Triathlete: Some federations do all discretionary Olympic spots; the U.S. has one. Does it help knowing that there’s that discretionary slot out there after crashing at the Tokyo Test Event?
KZ: It’s comforting, I guess. I think USAT has pretty clear criteria that they’re following for the discretionary spots. Obviously anything can happen, but I feel like if I just keep doing what I’m doing then I’m confident I’ll be on the team come August.
Triathlete: A lot of you are racing for the same country but training with different groups from around the world. Has the relay helped bring Team USA together a bit more, especially since it looks like you’ll have a good shot at a medal next summer?
KZ: I think the relay has been a lot of fun for everyone. It’s fun to try different mixes of teams and figure out how we can all work together. It’s definitely brought the group together more and I think we all enjoy the unknown of it. We’re all trying to figure out the right combination.
Triathlete: What’s an interest or hobby you have outside of triathlon that might surprise some people?

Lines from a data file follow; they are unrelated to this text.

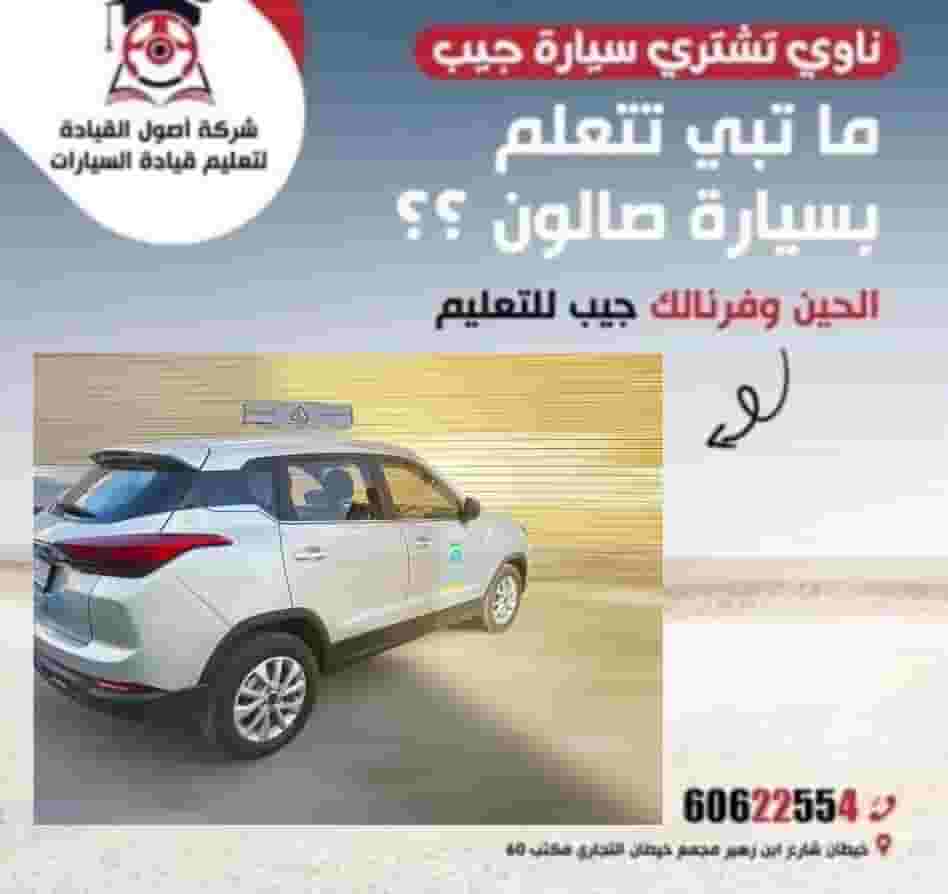 تعليم قيادة السيارات تعليم قيادة السيارات
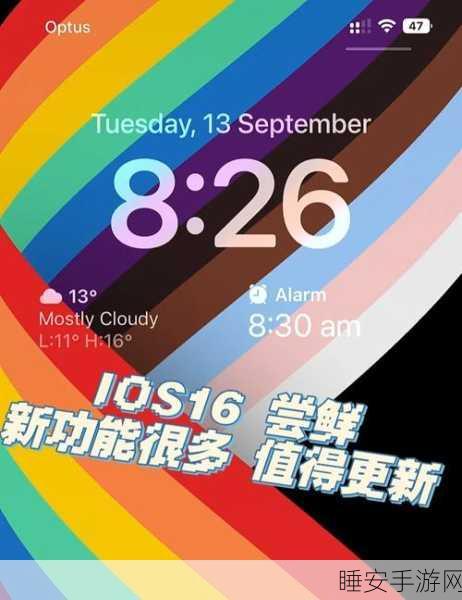 安卓16 Beta公测版震撼登场,谷歌即将发布,抢先体验未来系统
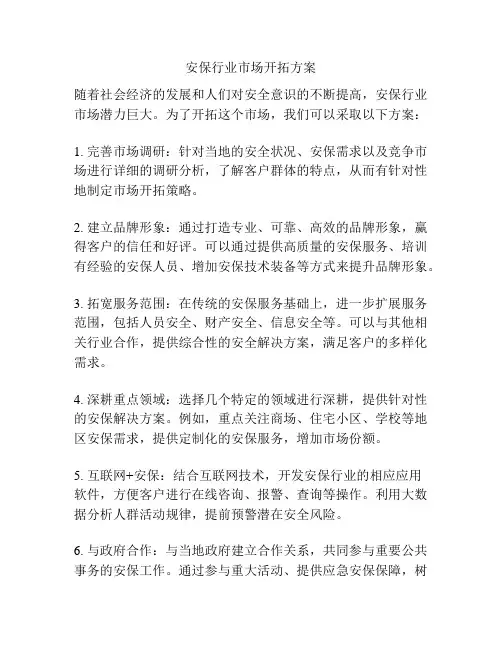 安保行业市场开拓方案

KZ: I don’t know if I have any interesting ones, but I really like to journal. I have three different ones—four if you count TrainingPeaks. I always bring my journals and my pens everywhere I go. I did it a bit before Rio  but I’ve been doing it a lot more since. It’s gotten a lot more finessed. I have my planner, which breaks down what I’ll be doing each day by the hours. I have my written journal, which I write in every night. I’ll write 10 things of gratitude and then three things that I want to work on the next day. And one of my friends just gave me a goals journal, which I’ll use for breaking down the specific goals of each race.